About Number Plates
Registration plates, licence plates, number plates, they're all different phrases for the same thing - the lettered plastic plaques screwed to your car, van, truck or motorbike. All vehicles need to have them by law, and you can expect a fine or general hassle from your local constabulary if you don't comply with legislation. Unsurprisingly the criteria for a legal number plate is strictly defined, with the rules covering much more than making sure that it accurately displays the vehicle's correct registration mark and making sure you put the yellow one on the back and the white one on the front.
Although we are a nation of car customisers, the scope for adding individuality by changing the specification of your number plate is seriously limited if you want to avoid the attention of the police. There are rules for the size of plates, the font (letter style), the spacing between characters and of course the arrangement of letter and numbers. It is possible to have plates made with special backgrounds, borders and nationality symbols without falling foul of the law, however, that's about as much as can be changed, save for the purchase of private registrations from the DVLA.
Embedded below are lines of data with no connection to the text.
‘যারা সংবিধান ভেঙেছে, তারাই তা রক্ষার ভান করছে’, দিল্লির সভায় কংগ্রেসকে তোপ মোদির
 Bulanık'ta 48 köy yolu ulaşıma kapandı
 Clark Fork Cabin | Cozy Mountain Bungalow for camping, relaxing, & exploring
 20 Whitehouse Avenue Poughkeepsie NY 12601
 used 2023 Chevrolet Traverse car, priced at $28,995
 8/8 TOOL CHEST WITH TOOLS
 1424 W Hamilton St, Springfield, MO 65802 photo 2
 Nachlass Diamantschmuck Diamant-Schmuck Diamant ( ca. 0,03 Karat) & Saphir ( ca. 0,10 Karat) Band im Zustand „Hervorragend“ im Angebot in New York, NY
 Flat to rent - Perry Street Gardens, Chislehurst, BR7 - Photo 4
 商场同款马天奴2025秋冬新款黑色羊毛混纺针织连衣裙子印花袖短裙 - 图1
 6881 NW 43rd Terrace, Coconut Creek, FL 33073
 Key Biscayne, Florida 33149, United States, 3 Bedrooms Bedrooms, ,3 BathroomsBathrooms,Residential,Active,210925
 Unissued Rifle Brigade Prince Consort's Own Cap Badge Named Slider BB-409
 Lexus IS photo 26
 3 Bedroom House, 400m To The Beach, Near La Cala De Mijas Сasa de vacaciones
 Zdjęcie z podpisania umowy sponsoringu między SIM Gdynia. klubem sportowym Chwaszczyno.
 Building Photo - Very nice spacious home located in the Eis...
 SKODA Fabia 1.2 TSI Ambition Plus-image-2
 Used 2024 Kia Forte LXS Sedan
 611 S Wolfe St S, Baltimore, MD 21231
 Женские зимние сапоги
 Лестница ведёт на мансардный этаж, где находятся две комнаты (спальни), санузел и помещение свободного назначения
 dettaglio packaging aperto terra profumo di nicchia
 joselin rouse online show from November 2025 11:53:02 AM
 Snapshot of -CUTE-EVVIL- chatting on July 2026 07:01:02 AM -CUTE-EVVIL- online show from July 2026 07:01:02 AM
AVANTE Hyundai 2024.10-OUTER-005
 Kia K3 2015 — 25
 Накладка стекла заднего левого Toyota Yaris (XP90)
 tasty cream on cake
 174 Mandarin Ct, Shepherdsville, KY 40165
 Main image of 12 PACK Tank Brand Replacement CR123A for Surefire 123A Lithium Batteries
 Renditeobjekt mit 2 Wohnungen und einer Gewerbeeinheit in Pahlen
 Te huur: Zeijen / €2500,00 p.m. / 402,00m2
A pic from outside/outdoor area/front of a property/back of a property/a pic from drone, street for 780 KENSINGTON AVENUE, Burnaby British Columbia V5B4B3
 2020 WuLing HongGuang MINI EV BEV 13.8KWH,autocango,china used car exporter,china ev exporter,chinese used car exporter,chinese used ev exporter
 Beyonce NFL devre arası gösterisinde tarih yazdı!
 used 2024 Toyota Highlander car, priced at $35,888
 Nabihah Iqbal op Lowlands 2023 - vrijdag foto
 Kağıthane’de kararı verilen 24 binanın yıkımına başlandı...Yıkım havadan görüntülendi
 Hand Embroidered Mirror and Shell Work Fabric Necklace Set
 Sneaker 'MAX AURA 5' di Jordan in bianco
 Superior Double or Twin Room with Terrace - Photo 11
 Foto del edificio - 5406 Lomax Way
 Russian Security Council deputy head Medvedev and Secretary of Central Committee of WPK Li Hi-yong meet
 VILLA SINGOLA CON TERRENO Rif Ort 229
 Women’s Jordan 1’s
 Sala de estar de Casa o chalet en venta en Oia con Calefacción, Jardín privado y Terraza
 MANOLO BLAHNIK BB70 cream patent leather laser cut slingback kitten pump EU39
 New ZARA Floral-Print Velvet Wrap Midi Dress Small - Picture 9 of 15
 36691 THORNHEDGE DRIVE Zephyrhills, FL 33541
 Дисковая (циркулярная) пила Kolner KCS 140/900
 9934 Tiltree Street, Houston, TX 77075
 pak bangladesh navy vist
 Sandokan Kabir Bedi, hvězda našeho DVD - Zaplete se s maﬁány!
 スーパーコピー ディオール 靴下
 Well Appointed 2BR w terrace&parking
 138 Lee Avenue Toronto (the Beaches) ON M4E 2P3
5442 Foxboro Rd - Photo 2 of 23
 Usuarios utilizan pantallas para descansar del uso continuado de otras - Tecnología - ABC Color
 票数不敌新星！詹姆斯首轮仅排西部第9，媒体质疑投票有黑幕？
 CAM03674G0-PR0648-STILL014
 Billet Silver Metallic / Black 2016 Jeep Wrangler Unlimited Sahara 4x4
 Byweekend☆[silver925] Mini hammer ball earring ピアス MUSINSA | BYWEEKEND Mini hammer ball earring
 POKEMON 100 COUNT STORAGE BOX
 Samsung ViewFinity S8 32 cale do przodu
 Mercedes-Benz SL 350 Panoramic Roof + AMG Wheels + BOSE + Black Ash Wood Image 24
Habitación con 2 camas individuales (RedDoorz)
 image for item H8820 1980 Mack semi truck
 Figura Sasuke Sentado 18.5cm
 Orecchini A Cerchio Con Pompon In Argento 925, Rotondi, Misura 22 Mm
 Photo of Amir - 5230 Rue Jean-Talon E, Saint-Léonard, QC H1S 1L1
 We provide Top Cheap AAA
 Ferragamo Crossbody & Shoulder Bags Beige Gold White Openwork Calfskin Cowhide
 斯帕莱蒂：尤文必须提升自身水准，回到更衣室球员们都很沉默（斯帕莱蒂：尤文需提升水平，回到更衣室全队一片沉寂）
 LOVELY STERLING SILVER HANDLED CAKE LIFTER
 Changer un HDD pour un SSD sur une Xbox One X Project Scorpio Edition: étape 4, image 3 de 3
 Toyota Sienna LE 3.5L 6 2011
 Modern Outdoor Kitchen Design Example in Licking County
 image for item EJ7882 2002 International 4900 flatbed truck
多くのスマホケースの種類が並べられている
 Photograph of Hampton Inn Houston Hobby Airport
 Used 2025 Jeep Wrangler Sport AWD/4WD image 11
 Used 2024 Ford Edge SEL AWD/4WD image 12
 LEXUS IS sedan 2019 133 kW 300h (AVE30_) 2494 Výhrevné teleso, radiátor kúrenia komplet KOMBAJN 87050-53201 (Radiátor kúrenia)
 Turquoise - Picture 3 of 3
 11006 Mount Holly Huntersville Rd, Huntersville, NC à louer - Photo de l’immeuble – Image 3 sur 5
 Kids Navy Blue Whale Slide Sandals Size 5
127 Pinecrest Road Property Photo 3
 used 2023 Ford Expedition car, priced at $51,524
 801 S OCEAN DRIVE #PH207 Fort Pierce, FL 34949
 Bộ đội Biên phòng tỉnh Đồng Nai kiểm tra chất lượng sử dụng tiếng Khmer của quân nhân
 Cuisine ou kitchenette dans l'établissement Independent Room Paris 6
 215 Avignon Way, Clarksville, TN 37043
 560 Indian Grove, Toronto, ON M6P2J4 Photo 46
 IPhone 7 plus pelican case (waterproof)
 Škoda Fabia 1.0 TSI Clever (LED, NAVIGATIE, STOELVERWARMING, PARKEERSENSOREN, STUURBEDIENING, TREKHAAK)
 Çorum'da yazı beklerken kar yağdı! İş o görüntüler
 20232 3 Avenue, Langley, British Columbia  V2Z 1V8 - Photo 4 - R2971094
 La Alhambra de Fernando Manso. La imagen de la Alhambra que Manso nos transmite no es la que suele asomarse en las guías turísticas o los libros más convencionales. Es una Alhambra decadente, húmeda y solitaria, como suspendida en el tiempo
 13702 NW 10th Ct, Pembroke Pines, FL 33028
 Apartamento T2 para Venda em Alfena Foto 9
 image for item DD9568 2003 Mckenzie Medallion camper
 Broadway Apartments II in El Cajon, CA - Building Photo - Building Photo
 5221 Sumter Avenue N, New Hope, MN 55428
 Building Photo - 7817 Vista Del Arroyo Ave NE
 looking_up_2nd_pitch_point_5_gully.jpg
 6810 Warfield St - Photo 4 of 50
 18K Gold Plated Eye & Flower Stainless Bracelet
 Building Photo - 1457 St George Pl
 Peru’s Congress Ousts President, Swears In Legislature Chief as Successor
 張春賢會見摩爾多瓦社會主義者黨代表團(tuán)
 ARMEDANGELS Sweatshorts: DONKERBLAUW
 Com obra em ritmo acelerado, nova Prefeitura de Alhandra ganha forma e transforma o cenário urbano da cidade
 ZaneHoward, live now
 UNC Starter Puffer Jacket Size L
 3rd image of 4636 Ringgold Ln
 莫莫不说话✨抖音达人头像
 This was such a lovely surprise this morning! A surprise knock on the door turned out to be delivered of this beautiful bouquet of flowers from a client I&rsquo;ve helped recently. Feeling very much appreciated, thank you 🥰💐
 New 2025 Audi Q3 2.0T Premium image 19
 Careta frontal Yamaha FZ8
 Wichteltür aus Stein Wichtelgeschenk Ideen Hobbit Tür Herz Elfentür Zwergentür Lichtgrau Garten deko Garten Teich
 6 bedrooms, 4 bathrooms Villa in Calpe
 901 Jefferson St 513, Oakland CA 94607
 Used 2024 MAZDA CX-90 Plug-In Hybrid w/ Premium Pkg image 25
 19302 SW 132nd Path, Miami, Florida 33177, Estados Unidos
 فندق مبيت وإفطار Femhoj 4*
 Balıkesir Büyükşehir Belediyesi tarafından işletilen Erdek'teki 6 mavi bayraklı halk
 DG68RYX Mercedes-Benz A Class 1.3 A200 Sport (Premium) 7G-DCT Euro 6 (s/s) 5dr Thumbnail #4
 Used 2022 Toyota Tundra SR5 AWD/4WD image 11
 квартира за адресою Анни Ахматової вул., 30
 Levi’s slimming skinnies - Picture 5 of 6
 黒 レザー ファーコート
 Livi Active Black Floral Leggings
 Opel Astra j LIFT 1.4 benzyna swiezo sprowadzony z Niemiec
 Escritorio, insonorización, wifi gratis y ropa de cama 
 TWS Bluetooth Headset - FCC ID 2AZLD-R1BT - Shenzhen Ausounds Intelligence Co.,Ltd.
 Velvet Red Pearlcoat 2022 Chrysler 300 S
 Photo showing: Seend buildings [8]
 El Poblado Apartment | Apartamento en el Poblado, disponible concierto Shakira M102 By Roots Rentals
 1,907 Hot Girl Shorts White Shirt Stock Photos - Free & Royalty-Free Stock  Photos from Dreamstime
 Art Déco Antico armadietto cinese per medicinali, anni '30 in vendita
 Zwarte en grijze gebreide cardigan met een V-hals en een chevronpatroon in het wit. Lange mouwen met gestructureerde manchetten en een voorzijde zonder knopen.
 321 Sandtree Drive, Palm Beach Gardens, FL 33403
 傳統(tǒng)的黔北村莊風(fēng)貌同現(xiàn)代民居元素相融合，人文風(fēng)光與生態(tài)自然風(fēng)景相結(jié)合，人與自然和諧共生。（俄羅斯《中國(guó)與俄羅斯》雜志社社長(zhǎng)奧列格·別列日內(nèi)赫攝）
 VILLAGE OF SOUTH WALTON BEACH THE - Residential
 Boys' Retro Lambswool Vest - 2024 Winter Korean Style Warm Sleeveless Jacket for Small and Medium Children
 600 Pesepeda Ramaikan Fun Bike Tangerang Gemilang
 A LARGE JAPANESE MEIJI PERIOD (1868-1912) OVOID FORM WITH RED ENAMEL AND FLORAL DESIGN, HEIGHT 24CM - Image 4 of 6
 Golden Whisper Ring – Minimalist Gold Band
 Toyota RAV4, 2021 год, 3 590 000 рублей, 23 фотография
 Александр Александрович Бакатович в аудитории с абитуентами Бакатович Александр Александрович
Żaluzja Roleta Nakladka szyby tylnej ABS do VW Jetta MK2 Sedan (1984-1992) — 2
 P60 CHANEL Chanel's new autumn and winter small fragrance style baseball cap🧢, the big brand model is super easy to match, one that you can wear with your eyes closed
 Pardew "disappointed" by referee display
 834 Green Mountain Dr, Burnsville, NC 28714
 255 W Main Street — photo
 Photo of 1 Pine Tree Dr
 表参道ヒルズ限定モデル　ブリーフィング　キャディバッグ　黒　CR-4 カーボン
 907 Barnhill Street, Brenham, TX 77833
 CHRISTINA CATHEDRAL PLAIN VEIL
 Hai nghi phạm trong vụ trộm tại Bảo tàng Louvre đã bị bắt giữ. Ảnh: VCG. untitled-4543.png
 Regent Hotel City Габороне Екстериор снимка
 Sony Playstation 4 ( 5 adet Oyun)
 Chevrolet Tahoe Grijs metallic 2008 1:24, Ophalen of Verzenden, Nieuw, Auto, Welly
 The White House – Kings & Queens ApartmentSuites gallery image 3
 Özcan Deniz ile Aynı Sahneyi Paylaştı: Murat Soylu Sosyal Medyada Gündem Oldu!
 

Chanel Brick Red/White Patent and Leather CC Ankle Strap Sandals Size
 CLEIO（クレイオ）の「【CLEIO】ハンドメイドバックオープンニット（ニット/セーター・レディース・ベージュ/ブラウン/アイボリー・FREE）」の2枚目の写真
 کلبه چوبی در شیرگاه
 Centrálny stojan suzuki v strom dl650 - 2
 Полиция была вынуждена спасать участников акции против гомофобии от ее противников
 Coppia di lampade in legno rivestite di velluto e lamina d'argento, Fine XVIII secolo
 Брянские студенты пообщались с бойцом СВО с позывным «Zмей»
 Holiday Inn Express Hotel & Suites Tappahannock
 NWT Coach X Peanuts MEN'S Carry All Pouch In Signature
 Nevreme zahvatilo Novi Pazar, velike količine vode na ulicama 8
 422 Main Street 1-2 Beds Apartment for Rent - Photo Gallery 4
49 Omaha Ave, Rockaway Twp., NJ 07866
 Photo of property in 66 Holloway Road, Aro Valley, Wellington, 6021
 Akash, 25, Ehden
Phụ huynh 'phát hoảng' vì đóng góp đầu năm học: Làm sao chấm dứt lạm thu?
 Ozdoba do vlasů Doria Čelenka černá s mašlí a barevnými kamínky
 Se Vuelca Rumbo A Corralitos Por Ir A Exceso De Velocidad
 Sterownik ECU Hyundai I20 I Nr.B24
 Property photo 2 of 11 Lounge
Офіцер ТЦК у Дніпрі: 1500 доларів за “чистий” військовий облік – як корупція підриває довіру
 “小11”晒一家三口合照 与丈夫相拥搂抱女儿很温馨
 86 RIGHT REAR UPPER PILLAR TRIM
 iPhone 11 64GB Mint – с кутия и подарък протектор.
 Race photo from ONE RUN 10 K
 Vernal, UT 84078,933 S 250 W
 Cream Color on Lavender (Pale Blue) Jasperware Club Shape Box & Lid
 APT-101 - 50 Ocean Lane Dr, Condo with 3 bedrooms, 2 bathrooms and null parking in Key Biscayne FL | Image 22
Foremost among the laws governing number plates is the requirement that they are made by a government registered manufacturer and that they must be traceable back to the source. Unlike those bought from high street number plate sellers, plates purchased online can be obtained from non-approved sellers without presenting the vehicle ownership document (V5) under the disclaimer that they are sold as "show plates", i.e. not for highway use. In reality this law is seldom enforced although for ultimate peace of mind you should ensure that your online vendor is government registered and the plates are marked with their postcode.